LombokPost – Bank Indonesia (BI) NTB meluncurkan NTB Investment Challenge 2025.
Dalam peluncuran ini sekaligus melepas ekspor komoditas unggulan NTB ke Amerika, Jepang, Jerman, dan Spanyol.
Gubernur NTB Lalu Muhamad Iqbal menegaskan komitmennya menjadikan NTB sebagai kawasan yang ramah investasi.
Sekaligus juga menjadi pusat industri ekspor nasional.
Gubernur NTB juga menyampaikan arah kebijakan strategis daerah untuk mendorong hilirisasi industri.
Khususnya di sektor vanili, kerajinan (handicraft), dan komoditas lokal lainnya.
Gubernur NTB juga mengapresiasi BI NTB yang konsisten membuka pintu-pintu ekspor bagi pelaku usaha lokal.
Dikatakan Gubernur NTB, NTB kembali mencatat sejarah dengan melepas sejumlah produk unggulan ke pasar global.
Yakni produk kerajinan tangan, kemiri dan vanili.
“Ini adalah langkah baik dan saya harap kabupaten/kota bersama-sama berkolaborasi meningkatkan lebih banyak lagi produk Indonesia yang bisa masuk pasar global,” terang Gubernur NTB.
Dalam kesempatan tersebut, Gubernur NTB juga berdialog langsung dengan seorang importir vanili dari Amerika.
Mantan duta besar Indonesia untuk Turki ini secara langsung mengajak importir tersebut membuka industri pengolahan vanili di NTB.
“Kita jangan hanya kirim bahan baku. Yang kita butuhkan sebenarnya adalah know-how, ilmunya, teknologinya. Silakan bawa itu ke sini, kami bantu siapkan co-investor, lahan, dan izin. NTB siap jadi rumah produksi,” tandasnya.
Kepala BI NTB Berry Arifsyah Harahap mengatakan, NTB Investment Challenge 2025 menjadi respons nyata dari hasil market intelligence yang dilakukan oleh lima kantor Perwakilan BI (KPwBI) di luar negeri.

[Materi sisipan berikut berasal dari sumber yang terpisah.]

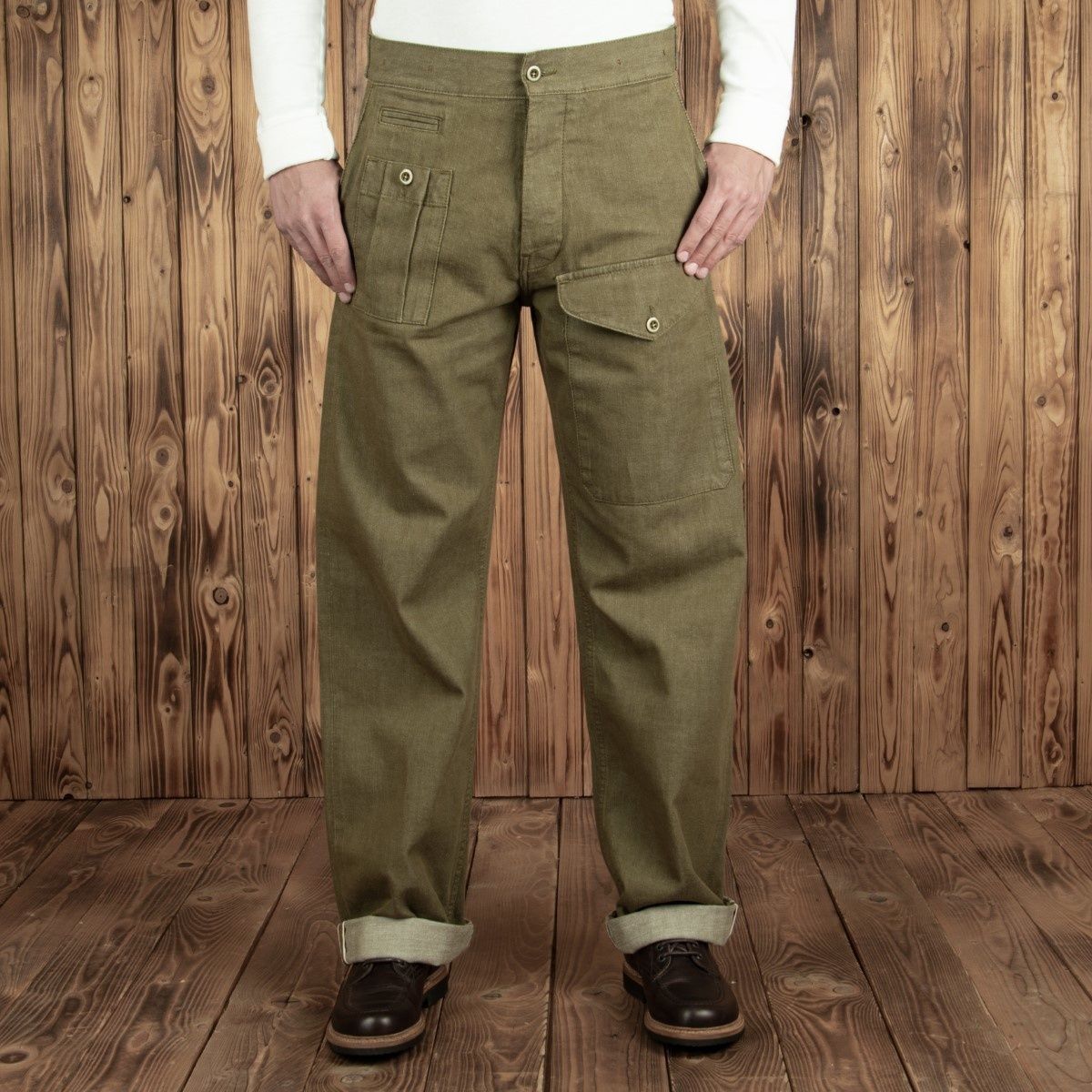 Pike Brothers 1952 Pattern Trousers - Kings & Queens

Hasilnya menunjukkan adanya minat kuat dari para investor global terhadap tiga sektor strategis.
“Di antaranya, energi baru terbarukan (EBT), hilirisasi sumber daya alam, dan infrastruktur strategis,” jelas Berry.

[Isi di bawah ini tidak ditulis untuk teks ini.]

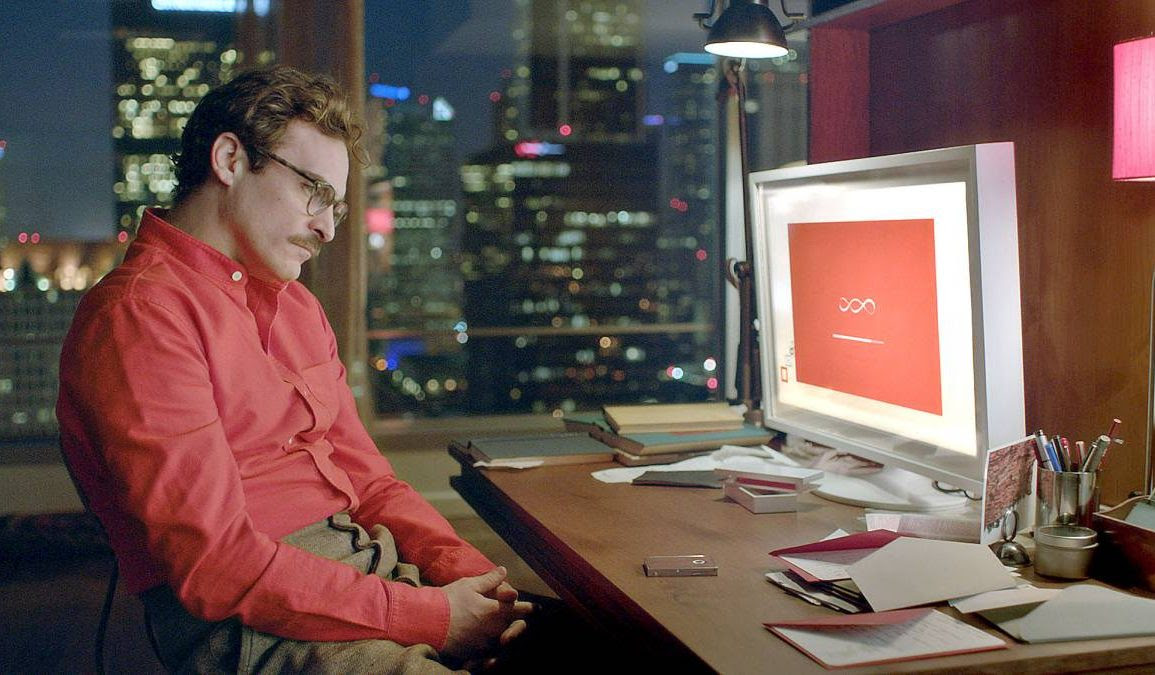 Joaquin Phoenix dans le film Her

Ketiga sektor tersebut telah termaktub dalam dokumen Rencana Pembangunan Jangka Menengah Nasional (RPJMN) serta dalam draft RPJMD NTB.
“Sehingga relevan untuk kita dorong penguatannya agar mampu memberikan NTB nilai tambah dan sumber pertumbuhan ekonomi,” ujarnya.
Tak hanya sektor strategis, produk UMKM NTB yang diproduksi secara masal dengan sentuhan budaya lokal.
Juga kreativitas tinggi, berkelanjutan, serta memenuhi standar internasional kini menjadi perhatian serius para calon pembeli luar negeri.
Hal ini membuka peluang besar bagi pelaku UMKM di NTB untuk merambah pasar ekspor.
Menindaklanjuti peluang tersebut, BI NTB melalui Regional Investment Relation Unit menginisiasi kegiatan NTB Investment Challenge 2025.
Kegiatan ini bertujuan menyaring dan memperkuat proyek-proyek investasi yang siap dipromosikan ke luar negeri.
“Supaya NTB dapat menarik lebih banyak investor dan mempercepat pembangunan daerah,” sambungnya.
NTB Investment Challenge 2025 akan dilaksanakan dalam beberapa tahap.
Di antaranya kickoff dan sosialisasi program.
Kemudian kurasi proyek-proyek potensial, capacity building untuk pemilik proyek, on-site visit oleh tim kurator dan investor, dan pemberian award untuk proyek investasi unggulan.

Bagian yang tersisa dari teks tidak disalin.